Ye Yongyu, Chang Yunbing, Wu Weihao, Liao Tianying, Yu Tao, Chen Chong, Yu Zhengran, Chen Junying, Liang Guoyan
Department of Orthopedic Surgery, Guangdong Provincial People's Hospital (Guangdong Academy of Medical Sciences), Southern Medical University, Guangzhou, China.
School of Software Engineering, South China University of Technology, Guangzhou, China.
Neurospine. 2024 Mar;21(1):46-56. doi: 10.14245/ns.2347326.663. Epub 2024 Mar 31.
Hand clumsiness and reduced hand dexterity can signal early signs of degenerative cervical myelopathy (DCM). While the 10-second grip and release (10-s G&R) test is a common clinical tool for evaluating hand function, a more accessible method is warranted.

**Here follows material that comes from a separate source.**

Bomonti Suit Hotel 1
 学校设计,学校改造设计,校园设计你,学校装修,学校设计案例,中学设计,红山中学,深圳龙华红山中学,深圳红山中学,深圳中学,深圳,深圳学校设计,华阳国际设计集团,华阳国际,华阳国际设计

This study explores the use of deep learning-enhanced hand grip and release test (DL-HGRT) for predicting DCM and evaluates its capability to reduce the duration of the 10-s G&R test.
The retrospective study included 508 DCM patients and 1,194 control subjects. Propensity score matching (PSM) was utilized to minimize the confounding effects related to age and sex. Videos of the 10-s G&R test were captured using a smartphone application. The 3D-MobileNetV2 was utilized for analysis, generating a series of parameters. Additionally, receiver operating characteristic curves were employed to assess the performance of the 10-s G&R test in predicting DCM and to evaluate the effectiveness of a shortened testing duration.
Patients with DCM exhibited impairments in most 10-s G&R test parameters. Before PSM, the number of cycles achieved the best diagnostic performance (area under the curve [AUC], 0.85; sensitivity, 80.12%; specificity, 74.29% at 20 cycles), followed by average grip time. Following PSM for age and gender, the AUC remained above 0.80. The average grip time achieved the highest AUC of 0.83 after 6 seconds, plateauing with no significant improvement in extending the duration to 10 seconds, indicating that 6 seconds is an adequate timeframe to efficiently evaluate hand motor dysfunction in DCM based on DL-HGRT.
DL-HGRT demonstrates potential as a promising supplementary tool for predicting DCM. Notably, a testing duration of 6 seconds appears to be sufficient for accurate assessment, enhancing the test more feasible and practical without compromising diagnostic performance.
手部笨拙和手部灵活性降低可能是退行性颈椎脊髓病(DCM)的早期迹象。虽然10秒握力与放松(10-s G&R)测试是评估手部功能的常用临床工具,但需要一种更便捷的方法。本研究探讨使用深度学习增强型握力与放松测试(DL-HGRT)预测DCM,并评估其缩短10-s G&R测试时长的能力。
这项回顾性研究纳入了508例DCM患者和1194例对照受试者。采用倾向得分匹配(PSM)来最小化与年龄和性别相关的混杂效应。使用智能手机应用程序拍摄10-s G&R测试的视频。利用3D-MobileNetV2进行分析,生成一系列参数。此外,采用受试者操作特征曲线来评估10-s G&R测试在预测DCM方面的性能,并评估缩短测试时长的有效性。
DCM患者在大多数10-s G&R测试参数上表现出损伤。在PSM之前,循环次数达到最佳诊断性能(曲线下面积[AUC]为0.85;敏感性为80.12%;在20次循环时特异性为74.29%),其次是平均握力时间。在按年龄和性别进行PSM后,AUC仍高于0.80。6秒后平均握力时间的AUC最高,为0.83,延长至10秒时趋于平稳,无显著改善,这表明基于DL-HGRT,6秒是有效评估DCM手部运动功能障碍的足够时长。
DL-HGRT显示出作为预测DCM的有前景的辅助工具的潜力。值得注意的是,6秒的测试时长似乎足以进行准确评估,在不影响诊断性能的情况下使测试更可行、更实用。